Preview: 'Portraying a Nation'
Tate Liverpool's new exhibition 'Portraying a Nation' will bring together the work of painter Otto Dix and photographer August Sander to explore the construction of historical narratives.
Presenting the faces of Germany between the two World Wars, the work documents the glamour and gloom of the Weimar Republic - from it's radical social extremes to it's political and economic upheaval.
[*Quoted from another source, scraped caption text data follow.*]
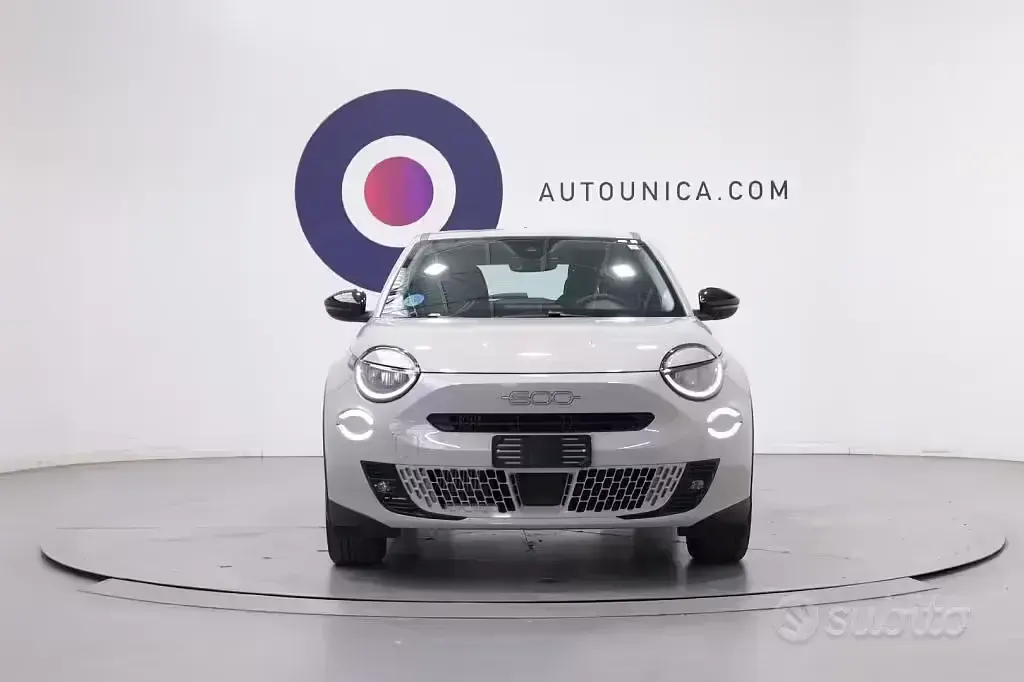 Usata Fiat 600 101 CV (74 kW) 2025 Beige SUV
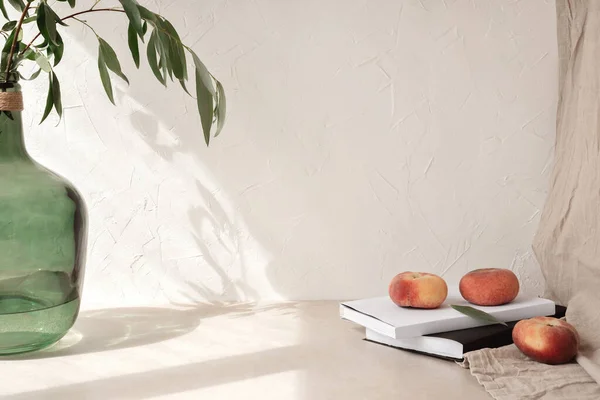 美しい家のインテリアデザインテンプレート 木の枝を持つ花瓶 テーブルの上のガラス 太陽の影と空のベージュの壁の背景 — ストック写真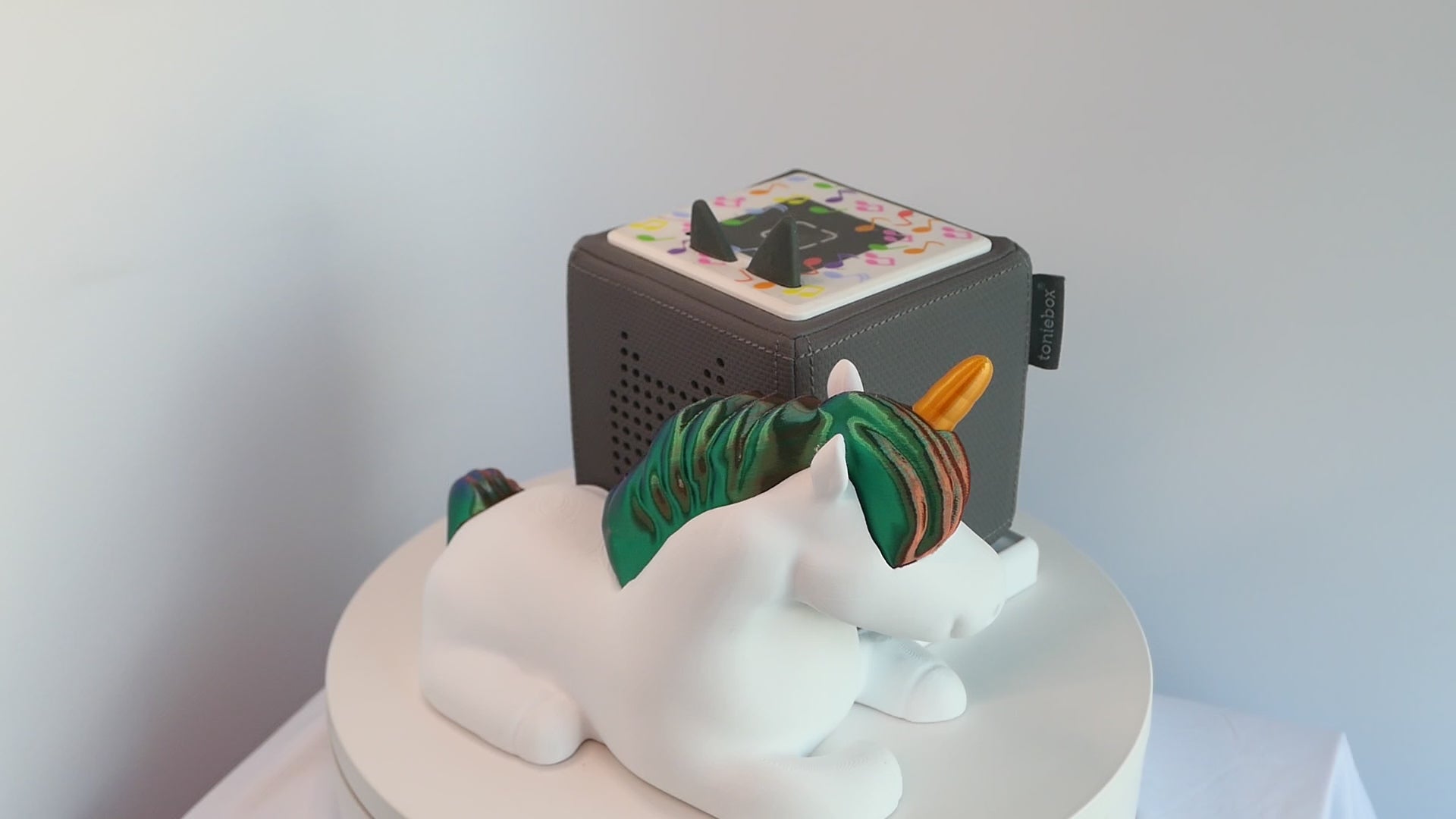 🦄 Toniebox Halterung „Sleeping Unicorn“ TriColor (Ohne Toniebox)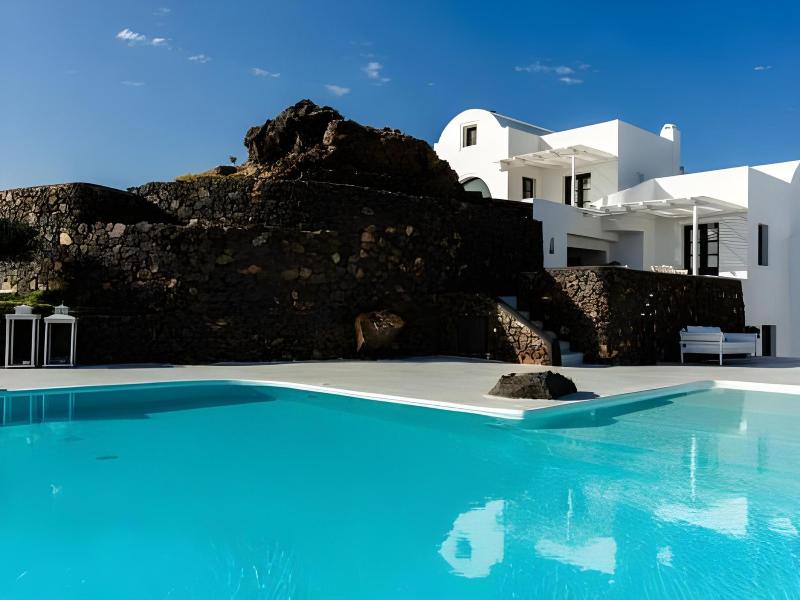 Aenaon Villas — exterior view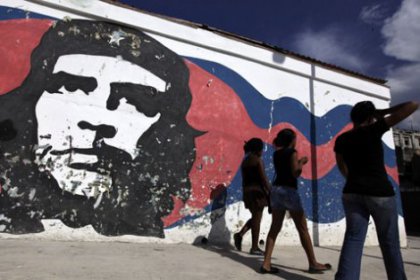 Küba, çıkış vizesini kaldırıyor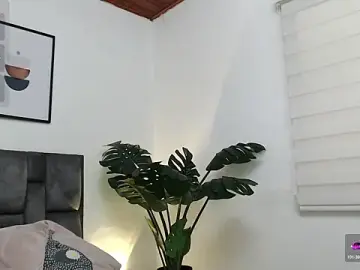 Stripchat Free Porn Cam of samy_l
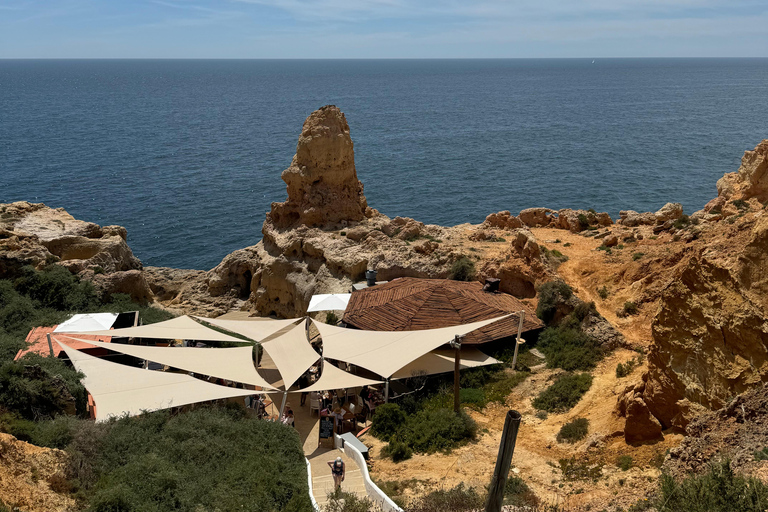 Da Lisbona: Escursione di un giorno in Algarve con crociera nelle grotte di Benagil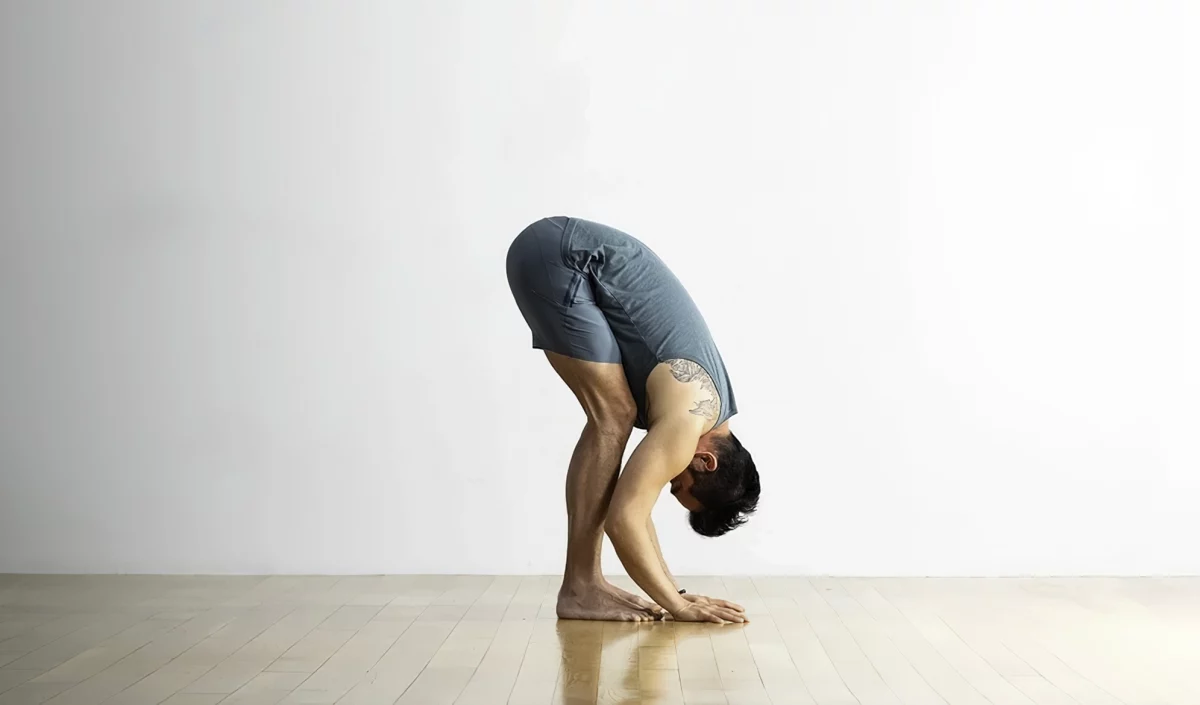 posture de la pince debout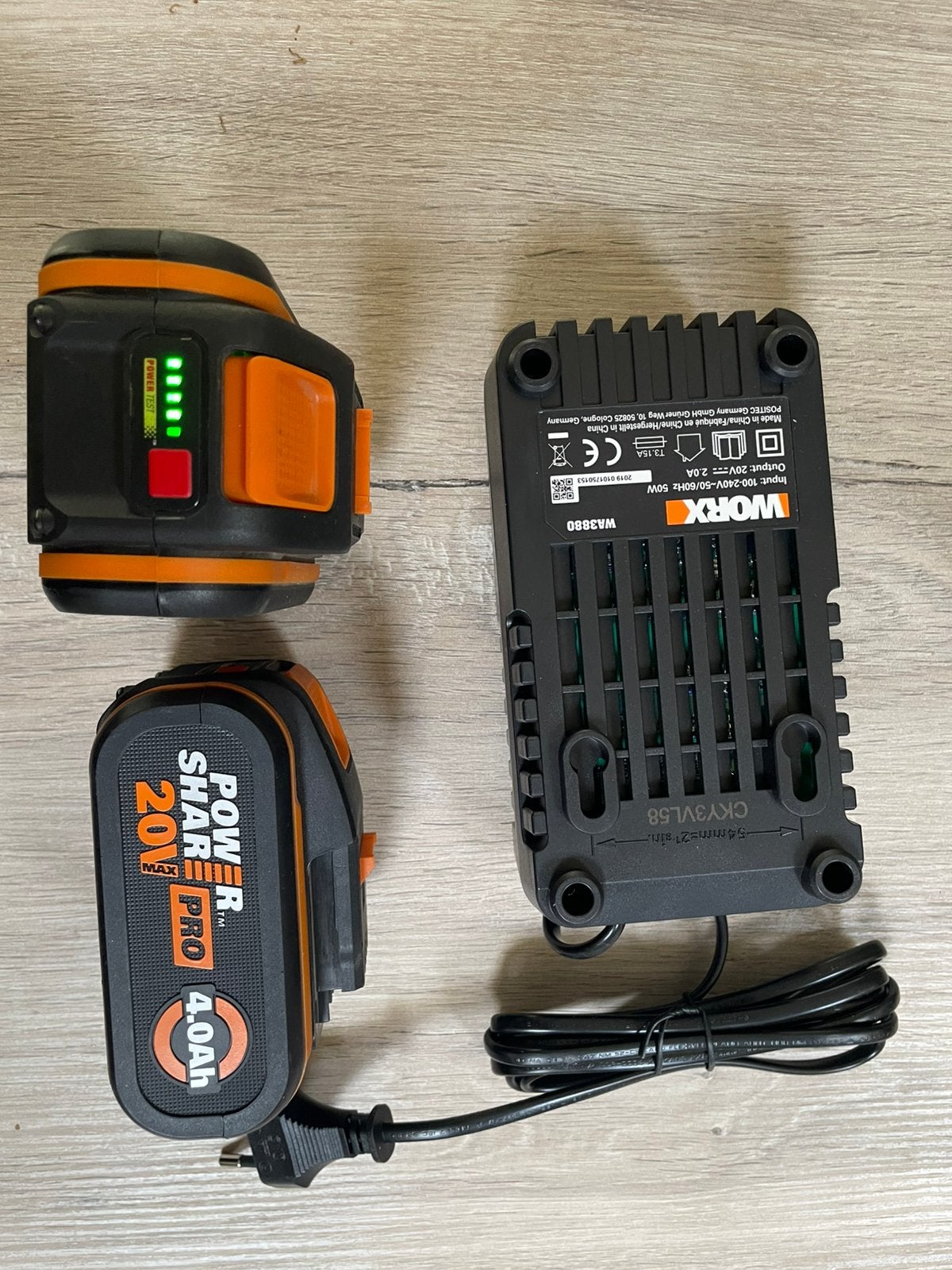 Nieuwe worw lade rmet 2 nieuwe batterijen, Audio, Tv en Foto, Ophalen, Nieuw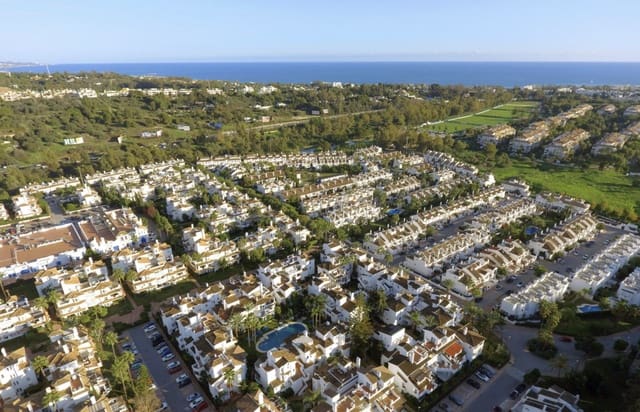 3 soverom Penthouse til salgs i Nueva Andalucia, Marbella med svømmebasseng garasje - € 699 000 (Ref: 8792270)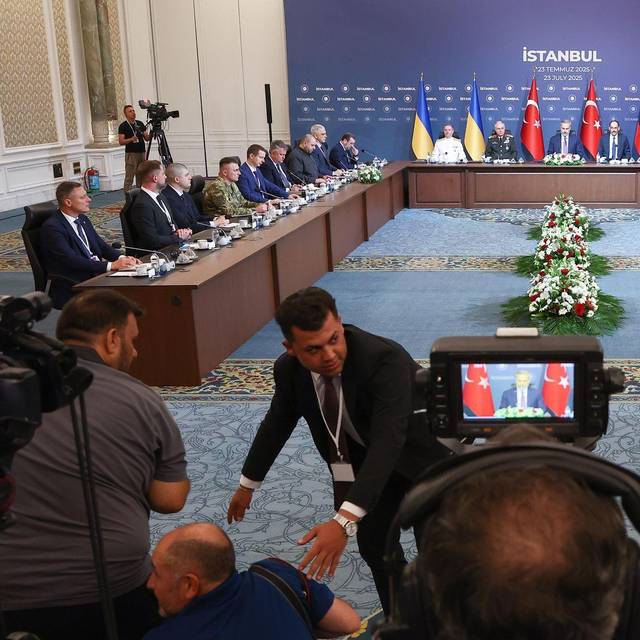 Ukraine-Krieg - Friedensgespräche in Istanbul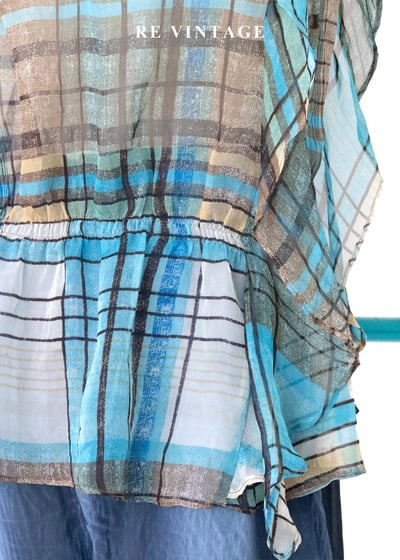 光影波浪荷葉透明系背心11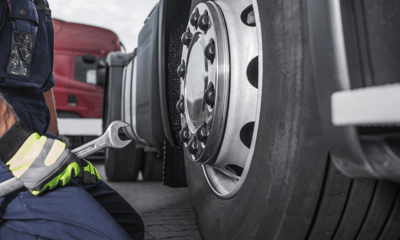 Mobilus padangų servisas atvykęs į pagalbą kelyje
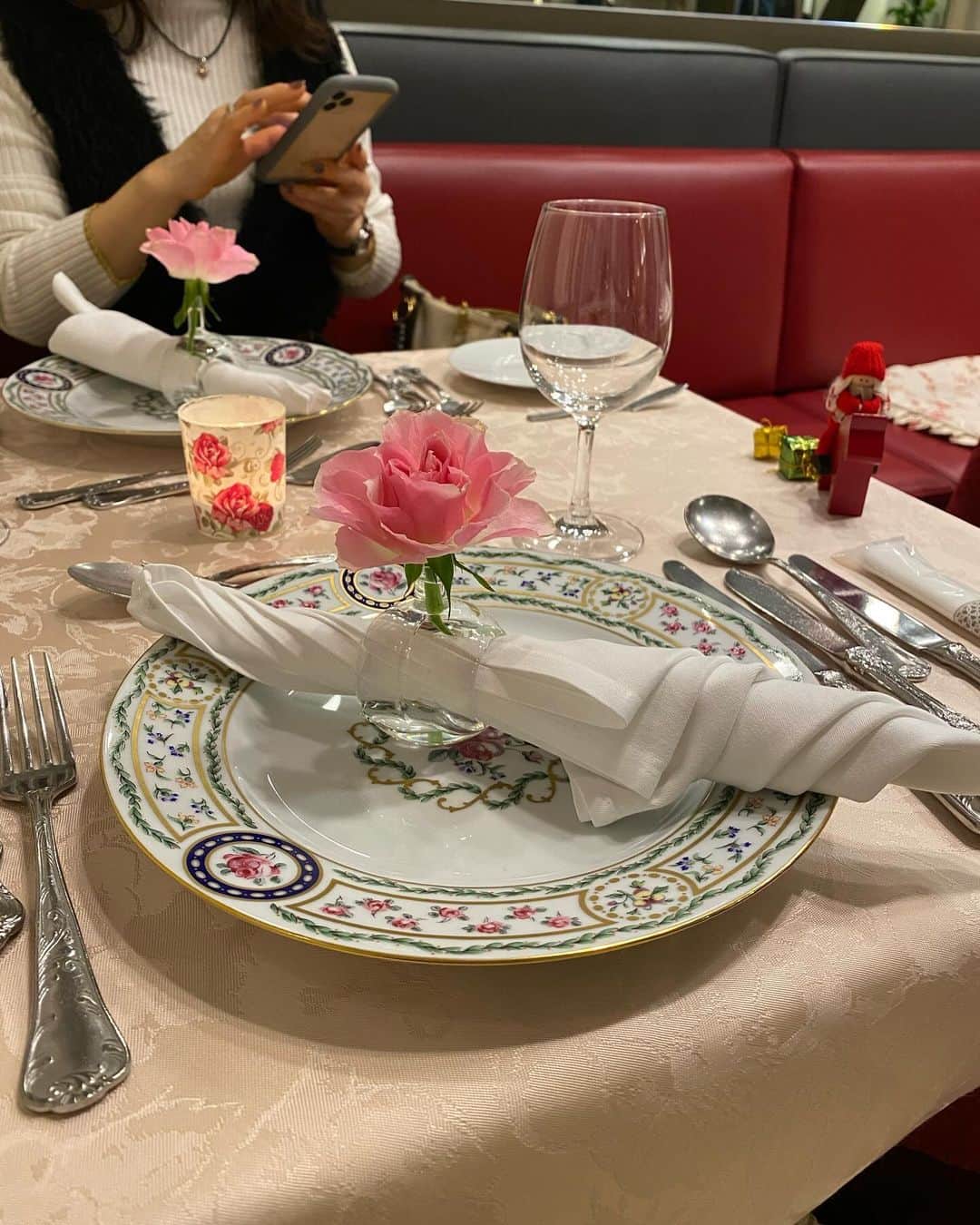 檜山沙耶さんのインスタグラム写真 - (檜山沙耶Instagram)「母と久しぶりにディナーへ🍽️ お花と緑に囲まれた一軒家のレストランで可愛かったです🌹  週末は真冬の寒さですね。どうぞ暖かくしてお過ごしください。  #パラディ北野花の館 #lolitafashionstyle #ロリィタコーデ」12月17日 9時23分 - sayahiyama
Featuring over 300 paintings, drawings, prints and photographs, the exhibition unites two complementary artistic visions. ‘Otto Dix: The Evil Eye’ explores Dix’s harshly realistic depictions of German society and the brutality of war; focusing on the evolution of in his work during his years in Düsseldorf when he became one of the foremost New Objectivity painters.
Otto Dix, Reclining Woman on a Leopard Skin
While ‘ARTIST ROOMS: August Sander’ presents photographs from Sander’s best known series ‘People of the Twentieth Century’. These photographs also observe a cross-section of society to present a collective portrait of a nation - consisting of 600 images in which people were categorised into what Sander described as ‘types’. These included artists, musicians, circus workers, farmers and, in the late 1930s, images of Nazi officers.
More than 140 photographs from the 'ARTIST ROOMS' collection will be displayed to create a large-scale timeline of Weimar Germany, placing individual subjects against a backdrop of the era’s tumultuous cultural and political history.
Lead image - August Sander: Portrait Heinrich Hoerle
'Portraying a Nation: Germany 1919-1933' runs from 23 June - 15 October 2017 at Tate Liverpool.